Bug in learn_more pattern
Closed this issue · 3 comments
The +3 increment on both findpattern implementations for learn_more can move beyond the string pattern null terminator. This can cause undesired memory faults or potentially extra loops. I've fixed it by calculating the pattern width dyanmically with added constraint that the ?? style must be used, and not a single ?
inline uint64_t findPattern(const uint64_t rangeStart, size_t len, const char* pattern)
{
size_t l = strlen(pattern);
// l = 2 * b + (b - 1) . 2 chars per byte + b - 1 spaces between
size_t patSize = (l + 1) / 3;
uint8_t* patt_base = (uint8_t*)_alloca(patSize + 1);
uint8_t* msk_base = (uint8_t*)_alloca(patSize + 1);
uint8_t* pat = patt_base;
uint8_t* msk = msk_base;
l = 0;
while (patSize) {
if (*(uint8_t*)pattern == (uint8_t)'\?') {
*pat++ = 0;
*msk++ = '?';
} else {
*pat++ = getByte(pattern);
*msk++ = 'x';
}
pattern += 3;
l++;
patSize--;
}
if (l > len)
return NULL;
*msk = 0;
pat = patt_base;
msk = msk_base;
for (size_t n = 0; n < (len - l); ++n)
{
if (isMatch((uint8_t*)(rangeStart + n), patt_base, msk_base)) {
return rangeStart + n;
}
}
return NULL;
}
edit:
I see what you mean.
this is my final modified implementation: https://github.com/stevemk14ebr/PolyHook_2_0/blob/bb97d61aeb9409c9c2146ae10a3fd3590cde5fe7/sources/Misc.cpp#L3
If i disable the cheating-length check thing which uses a pattern style incompatible with these changes I get the following results on my extremely slow laptop:
Running tests on 15 different implementations
===========
Running learn_more
Finding pattern 0 x 1024 took 633.017 ms.
Finding pattern 1 x 1024 took 641.554 ms.
===========
Running learn_more v2
Finding pattern 0 x 1024 took 410.54 ms.
Finding pattern 1 x 1024 took 340.472 ms.
===========
Running fdsasdf
Finding pattern 0 x 1024 took 263.745 ms.
Finding pattern 1 x 1024 took 262.075 ms.
===========
Running DarthTon
Finding pattern 0 x 1024 took 318.062 ms.
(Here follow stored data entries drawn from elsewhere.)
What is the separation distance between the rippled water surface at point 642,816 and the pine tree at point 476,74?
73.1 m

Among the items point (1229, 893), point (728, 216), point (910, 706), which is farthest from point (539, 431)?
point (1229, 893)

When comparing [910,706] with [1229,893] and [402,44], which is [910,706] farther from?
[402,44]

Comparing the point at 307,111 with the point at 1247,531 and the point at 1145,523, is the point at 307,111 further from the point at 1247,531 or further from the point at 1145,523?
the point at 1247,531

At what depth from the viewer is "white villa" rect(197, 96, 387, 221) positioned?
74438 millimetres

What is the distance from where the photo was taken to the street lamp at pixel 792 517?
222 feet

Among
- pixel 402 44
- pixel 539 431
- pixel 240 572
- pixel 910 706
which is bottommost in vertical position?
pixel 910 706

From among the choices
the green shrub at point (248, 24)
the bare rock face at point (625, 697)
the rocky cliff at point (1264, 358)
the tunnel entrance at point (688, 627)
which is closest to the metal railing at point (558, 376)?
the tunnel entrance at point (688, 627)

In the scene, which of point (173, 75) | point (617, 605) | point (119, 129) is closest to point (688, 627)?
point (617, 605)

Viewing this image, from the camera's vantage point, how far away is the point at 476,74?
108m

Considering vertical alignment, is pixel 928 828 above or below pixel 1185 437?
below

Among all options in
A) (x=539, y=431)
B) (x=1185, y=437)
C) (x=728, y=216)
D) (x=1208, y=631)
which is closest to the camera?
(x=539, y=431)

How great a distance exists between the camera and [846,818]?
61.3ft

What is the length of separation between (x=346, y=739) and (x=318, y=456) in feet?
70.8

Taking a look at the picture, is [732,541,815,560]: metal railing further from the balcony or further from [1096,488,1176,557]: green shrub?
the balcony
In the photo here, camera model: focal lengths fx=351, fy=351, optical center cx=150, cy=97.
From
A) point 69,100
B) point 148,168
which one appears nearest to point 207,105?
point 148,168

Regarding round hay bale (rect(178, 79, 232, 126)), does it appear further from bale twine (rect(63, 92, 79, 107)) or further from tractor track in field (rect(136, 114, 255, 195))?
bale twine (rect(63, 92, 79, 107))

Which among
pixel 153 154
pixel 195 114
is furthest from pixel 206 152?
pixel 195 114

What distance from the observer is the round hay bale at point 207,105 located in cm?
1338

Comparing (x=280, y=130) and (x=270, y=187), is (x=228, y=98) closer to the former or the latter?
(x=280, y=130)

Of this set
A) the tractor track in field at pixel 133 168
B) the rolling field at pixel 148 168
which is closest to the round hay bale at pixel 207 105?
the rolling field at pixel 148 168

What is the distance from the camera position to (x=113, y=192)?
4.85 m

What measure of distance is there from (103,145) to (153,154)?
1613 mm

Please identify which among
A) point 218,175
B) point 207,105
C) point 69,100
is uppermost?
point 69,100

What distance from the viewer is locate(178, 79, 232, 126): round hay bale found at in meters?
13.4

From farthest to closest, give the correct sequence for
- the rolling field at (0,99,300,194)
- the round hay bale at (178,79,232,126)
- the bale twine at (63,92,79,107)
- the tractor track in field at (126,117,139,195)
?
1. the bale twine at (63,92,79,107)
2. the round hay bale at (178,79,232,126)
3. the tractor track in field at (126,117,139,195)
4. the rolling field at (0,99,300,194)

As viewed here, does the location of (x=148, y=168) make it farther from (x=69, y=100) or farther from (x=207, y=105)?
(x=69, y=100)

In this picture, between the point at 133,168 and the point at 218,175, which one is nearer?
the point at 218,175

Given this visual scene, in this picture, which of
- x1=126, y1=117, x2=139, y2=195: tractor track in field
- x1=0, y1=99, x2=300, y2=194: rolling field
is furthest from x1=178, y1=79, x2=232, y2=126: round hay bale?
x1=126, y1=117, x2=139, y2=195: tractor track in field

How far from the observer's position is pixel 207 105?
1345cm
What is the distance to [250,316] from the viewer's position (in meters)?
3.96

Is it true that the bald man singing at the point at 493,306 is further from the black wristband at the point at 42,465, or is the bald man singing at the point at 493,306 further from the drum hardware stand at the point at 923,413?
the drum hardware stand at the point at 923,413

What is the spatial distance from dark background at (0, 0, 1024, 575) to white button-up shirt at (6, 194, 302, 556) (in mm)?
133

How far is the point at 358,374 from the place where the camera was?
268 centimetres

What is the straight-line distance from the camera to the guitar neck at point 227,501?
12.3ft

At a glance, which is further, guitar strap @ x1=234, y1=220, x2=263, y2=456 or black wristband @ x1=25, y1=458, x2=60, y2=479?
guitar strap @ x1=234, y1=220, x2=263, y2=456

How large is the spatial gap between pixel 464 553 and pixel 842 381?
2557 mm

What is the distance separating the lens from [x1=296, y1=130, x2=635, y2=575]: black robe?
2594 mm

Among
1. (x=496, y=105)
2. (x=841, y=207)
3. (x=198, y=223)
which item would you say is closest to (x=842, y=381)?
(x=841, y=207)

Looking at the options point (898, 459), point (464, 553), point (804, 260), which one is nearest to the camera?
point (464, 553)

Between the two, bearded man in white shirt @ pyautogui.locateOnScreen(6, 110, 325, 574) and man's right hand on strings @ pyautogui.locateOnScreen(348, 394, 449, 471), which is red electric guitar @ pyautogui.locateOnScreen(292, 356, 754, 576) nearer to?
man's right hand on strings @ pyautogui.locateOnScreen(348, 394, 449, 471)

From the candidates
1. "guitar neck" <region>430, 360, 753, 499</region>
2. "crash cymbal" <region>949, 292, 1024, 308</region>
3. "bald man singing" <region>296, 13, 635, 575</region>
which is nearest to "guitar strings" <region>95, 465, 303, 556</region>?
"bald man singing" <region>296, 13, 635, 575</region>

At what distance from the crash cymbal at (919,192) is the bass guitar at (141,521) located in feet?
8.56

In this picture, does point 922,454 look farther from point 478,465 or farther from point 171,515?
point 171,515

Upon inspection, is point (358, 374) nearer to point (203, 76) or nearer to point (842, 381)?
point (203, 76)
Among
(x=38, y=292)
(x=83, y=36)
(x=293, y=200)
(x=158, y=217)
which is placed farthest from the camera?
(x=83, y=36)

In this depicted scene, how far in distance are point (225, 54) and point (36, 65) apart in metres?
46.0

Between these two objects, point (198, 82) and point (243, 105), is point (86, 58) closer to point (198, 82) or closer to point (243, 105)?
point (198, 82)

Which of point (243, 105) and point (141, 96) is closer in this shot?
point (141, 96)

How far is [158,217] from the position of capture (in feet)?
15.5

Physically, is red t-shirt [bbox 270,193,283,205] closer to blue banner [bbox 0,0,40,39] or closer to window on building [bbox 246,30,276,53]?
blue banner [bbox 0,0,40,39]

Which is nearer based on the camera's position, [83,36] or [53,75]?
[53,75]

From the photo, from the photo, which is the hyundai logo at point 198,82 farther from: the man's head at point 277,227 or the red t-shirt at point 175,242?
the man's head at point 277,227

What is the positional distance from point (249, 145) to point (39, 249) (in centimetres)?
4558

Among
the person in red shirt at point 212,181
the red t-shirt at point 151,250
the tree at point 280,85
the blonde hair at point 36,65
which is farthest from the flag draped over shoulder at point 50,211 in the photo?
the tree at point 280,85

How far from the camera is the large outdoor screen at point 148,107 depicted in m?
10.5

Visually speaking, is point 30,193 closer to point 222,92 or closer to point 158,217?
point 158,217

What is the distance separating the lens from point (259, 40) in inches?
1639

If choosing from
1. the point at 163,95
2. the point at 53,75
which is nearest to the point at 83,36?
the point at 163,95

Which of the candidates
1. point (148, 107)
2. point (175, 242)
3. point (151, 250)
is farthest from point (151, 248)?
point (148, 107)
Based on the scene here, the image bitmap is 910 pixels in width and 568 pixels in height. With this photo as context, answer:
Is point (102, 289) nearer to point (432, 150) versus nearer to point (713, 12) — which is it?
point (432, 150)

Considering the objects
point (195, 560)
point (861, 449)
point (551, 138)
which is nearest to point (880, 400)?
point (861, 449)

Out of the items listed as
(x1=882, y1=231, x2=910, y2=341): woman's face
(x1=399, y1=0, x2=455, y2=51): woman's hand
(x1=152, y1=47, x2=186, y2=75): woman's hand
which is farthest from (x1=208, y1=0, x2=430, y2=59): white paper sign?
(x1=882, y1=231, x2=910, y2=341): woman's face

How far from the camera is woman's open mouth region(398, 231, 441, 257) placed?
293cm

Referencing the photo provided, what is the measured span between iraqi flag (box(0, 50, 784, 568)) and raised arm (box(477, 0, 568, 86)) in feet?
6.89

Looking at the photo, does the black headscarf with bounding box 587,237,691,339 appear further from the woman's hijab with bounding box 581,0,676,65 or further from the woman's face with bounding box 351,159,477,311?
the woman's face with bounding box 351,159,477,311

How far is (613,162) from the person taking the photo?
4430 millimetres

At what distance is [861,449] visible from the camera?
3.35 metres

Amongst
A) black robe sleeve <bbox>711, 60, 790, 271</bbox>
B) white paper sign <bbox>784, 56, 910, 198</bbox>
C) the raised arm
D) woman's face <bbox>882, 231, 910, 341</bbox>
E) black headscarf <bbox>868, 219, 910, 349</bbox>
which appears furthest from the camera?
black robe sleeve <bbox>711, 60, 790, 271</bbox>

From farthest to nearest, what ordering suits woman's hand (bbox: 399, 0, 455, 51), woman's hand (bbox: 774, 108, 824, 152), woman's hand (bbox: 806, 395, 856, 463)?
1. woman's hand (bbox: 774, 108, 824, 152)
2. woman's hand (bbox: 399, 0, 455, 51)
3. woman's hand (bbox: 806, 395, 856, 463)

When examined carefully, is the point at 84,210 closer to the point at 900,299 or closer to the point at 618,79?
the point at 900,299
Finding pattern 1 x 1024 took 341.577 ms.
===========
Running DarthTon v2
Finding pattern 0 x 1024 took 24.704 ms.
Finding pattern 1 x 1024 took 24.499 ms.
===========
Running Forza (Boyer-Moore Variant)
Finding pattern 0 x 1024 took 64.282 ms.
Finding pattern 1 x 1024 took 32.679 ms.
===========
Running Forza (SIMD With OpenMP)
Finding pattern 0 x 1024 took 20.925 ms.
Finding pattern 1 x 1024 took 23.095 ms.
===========
Running kokole
Finding pattern 0 x 1024 took 425.587 ms.
Finding pattern 1 x 1024 took 376.131 ms.
===========
Running mrexodia
Finding pattern 0 x 1024 took 1015.9 ms.
Finding pattern 1 x 1024 took 1032.42 ms.
===========
Running atom0s
Finding pattern 0 x 1024 took 449.693 ms.
Finding pattern 1 x 1024 took 443.606 ms.
===========
Running atom0s (mrexodia modification)
Finding pattern 0 x 1024 took 941.833 ms.
Finding pattern 1 x 1024 took 948.177 ms.
===========
Running mrexodia (horspool)
Finding pattern 0 x 1024 took 69.67 ms.
Finding pattern 1 x 1024 took 57.086 ms.
===========
Running dom1n1k_Patrick
Finding pattern 0 x 1024 took 422.518 ms.
Finding pattern 1 x 1024 took 424.873 ms.
===========
Running Michael
Finding pattern 0 x 1024 took 192.703 ms.
Finding pattern 1 x 1024 took 182.146 ms.
===========
Running superdoc1234
Finding pattern 0 x 1024 took 259.932 ms.
Finding pattern 1 x 1024 took 255.036 ms.
Done.
Which compared to the orig:
Running learn_more v2
Finding pattern 0 x 1024 took 311.11 ms.
Finding pattern 1 x 1024 took 278.121 ms.
Is slower :p but this probably fixes the long standing bug i discovered where some patterns failed to be found in every case. I assume this was due to the null not being checked and the finder randomly trying to match whatever garbage bytes were after until the next null.
Thanks :)
I do have another implementation that should work.